Guild records have always been a vital resource for historians of guild and urban histories. Wragg's new volume moves beyond the roles of guild books as purely administrative records and demonstrates how the physical object played an important role in the ceremonial space of guild activities. As well as containing traditional corporate records, the guild book of the Barbers and Surgeons of York also contains a collection of selected medical texts and accompanying images. The manuscript, British Library Egerton 2572, has previously been studied either for its visual aspects, or as a guild record. Wragg's new volume addresses this issue by examining the book holistically, and includes both a study and a full transcribed edition of the guild book. By moving beyond traditional periodization, he demonstrates how the book was used over time both as an object for display and ceremony, and as an administrative document.
Wragg's study is divided into two halves.
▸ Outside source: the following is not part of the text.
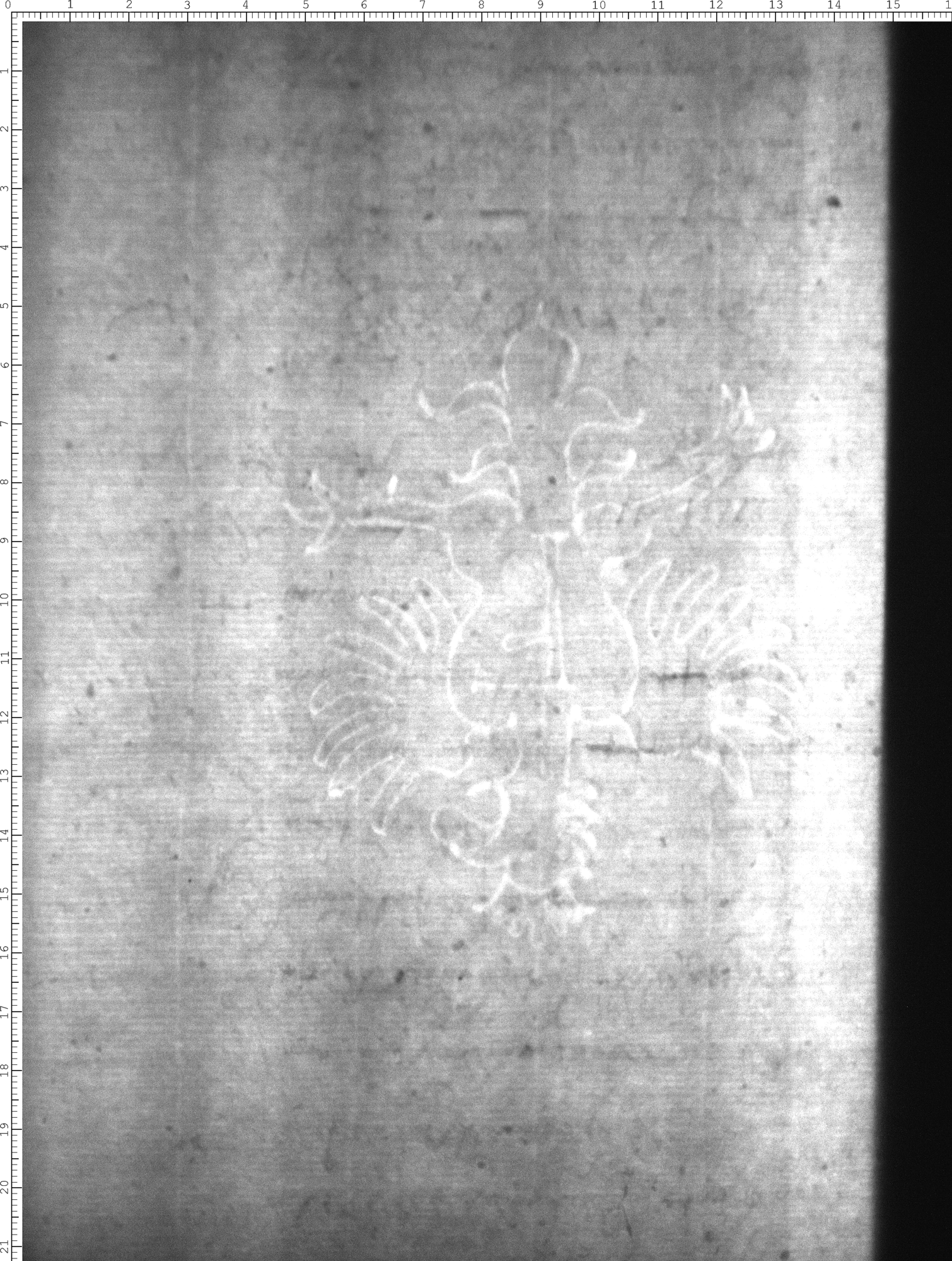 Watermark
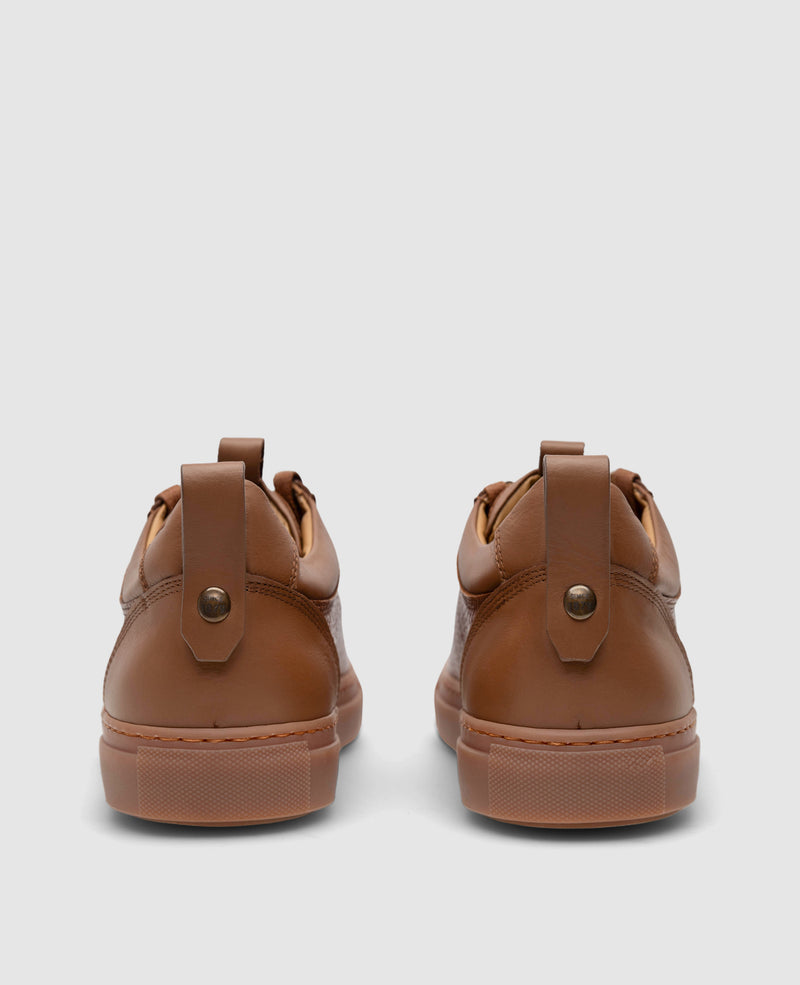 Turin Sneaker T - Brown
The first half covers his meticulous analysis of Egerton MS 2572, starting with the book's physical characteristics: the ‘medieval core’ created in 1486, its subsequent additions and how the book was used. These assessments are the basis of his argument that the guild book was created with the intention of continued, active, use as a repository of guild records. The second half of the book contains an extensive selection of images of the guild book and other manuscripts, presented as a visual explanation of how pictorial conventions of the guild book both followed and differed from contemporary examples. Also included is a full transcript of the manuscript alongside a sizeable appendix, providing a fruitful resource for historians studying medical images, guild book conventions and especially individuals within the Barber Surgeons’ Guild.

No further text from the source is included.